### TASK DESCRIPTION
Give back every record below word for word, with the pictures omitted.

### DATASET ENTRIES
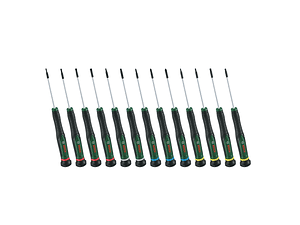 Conjunto de 13 aparafusadoras de precisão BOSCH DIY 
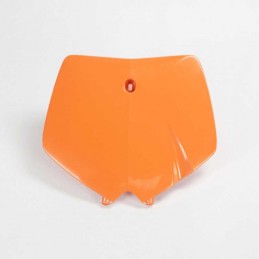 Plaque numéro avant KTM 125 SX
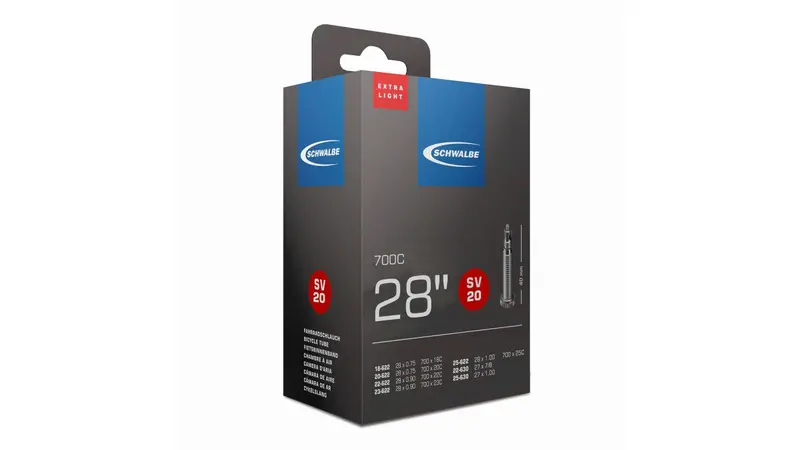 Schwalbe Sv20 Extra-Light Inner Tube – 28 Inch 1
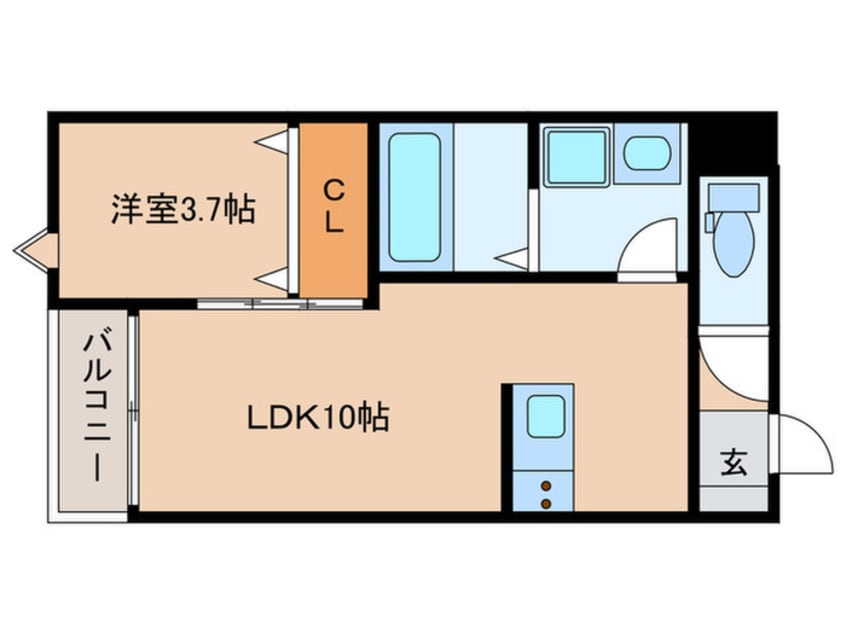 間取図 仮)LECOCON清須
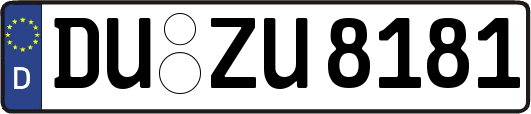 DU-ZU8181
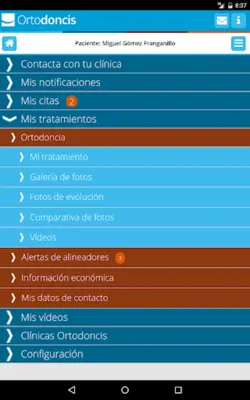 Ortodoncis android App screenshot 12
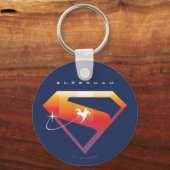 Porte-clés Soleil Tourner Superman Shield (Recto)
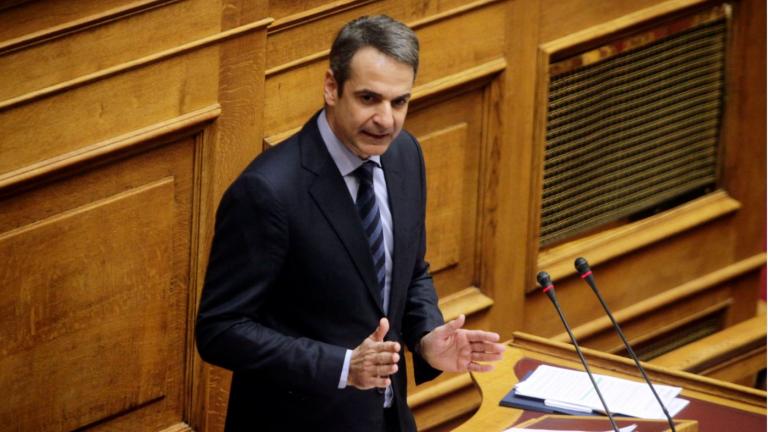 Κυρ. Μητσοτάκης: «Η κυβέρνησή σας δεν έχει απολύτως κανένα ηθικό φραγμό»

### WORKED SOLUTION
 Conjunto de 13 aparafusadoras de precisão BOSCH DIY 
 Plaque numéro avant KTM 125 SX
 Schwalbe Sv20 Extra-Light Inner Tube – 28 Inch 1
 間取図 仮)LECOCON清須
 DU-ZU8181
 Ortodoncis android App screenshot 12
 Porte-clés Soleil Tourner Superman Shield (Recto)
 Κυρ. Μητσοτάκης: «Η κυβέρνησή σας δεν έχει απολύτως κανένα ηθικό φραγμό»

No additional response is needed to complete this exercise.